BEGIN DATASET CONTENT
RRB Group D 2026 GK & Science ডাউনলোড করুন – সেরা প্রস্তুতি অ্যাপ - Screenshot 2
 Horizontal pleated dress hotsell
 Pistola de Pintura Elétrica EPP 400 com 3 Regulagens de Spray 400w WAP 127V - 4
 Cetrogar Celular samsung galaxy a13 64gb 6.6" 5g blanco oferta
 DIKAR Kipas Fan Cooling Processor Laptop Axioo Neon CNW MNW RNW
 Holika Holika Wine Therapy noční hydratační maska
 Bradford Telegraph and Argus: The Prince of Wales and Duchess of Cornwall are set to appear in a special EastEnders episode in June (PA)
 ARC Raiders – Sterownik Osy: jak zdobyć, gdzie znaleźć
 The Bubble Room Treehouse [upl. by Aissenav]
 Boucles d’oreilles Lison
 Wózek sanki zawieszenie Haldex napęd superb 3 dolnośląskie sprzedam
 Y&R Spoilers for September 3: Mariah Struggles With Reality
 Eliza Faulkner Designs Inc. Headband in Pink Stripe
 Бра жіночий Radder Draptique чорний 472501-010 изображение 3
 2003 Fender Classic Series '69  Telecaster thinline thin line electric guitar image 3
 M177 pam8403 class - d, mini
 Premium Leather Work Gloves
END DATASET CONTENT
TASK STATEMENT
All of the data above should be written out again word for word.

REPLY
RRB Group D 2026 GK & Science ডাউনলোড করুন – সেরা প্রস্তুতি অ্যাপ - Screenshot 2
 Horizontal pleated dress hotsell
 Pistola de Pintura Elétrica EPP 400 com 3 Regulagens de Spray 400w WAP 127V - 4
 Cetrogar Celular samsung galaxy a13 64gb 6.6" 5g blanco oferta
 DIKAR Kipas Fan Cooling Processor Laptop Axioo Neon CNW MNW RNW
 Holika Holika Wine Therapy noční hydratační maska
 Bradford Telegraph and Argus: The Prince of Wales and Duchess of Cornwall are set to appear in a special EastEnders episode in June (PA)
 ARC Raiders – Sterownik Osy: jak zdobyć, gdzie znaleźć
 The Bubble Room Treehouse [upl. by Aissenav]
 Boucles d’oreilles Lison
 Wózek sanki zawieszenie Haldex napęd superb 3 dolnośląskie sprzedam
 Y&R Spoilers for September 3: Mariah Struggles With Reality
 Eliza Faulkner Designs Inc. Headband in Pink Stripe
 Бра жіночий Radder Draptique чорний 472501-010 изображение 3
 2003 Fender Classic Series '69  Telecaster thinline thin line electric guitar image 3
 M177 pam8403 class - d, mini
 Premium Leather Work Gloves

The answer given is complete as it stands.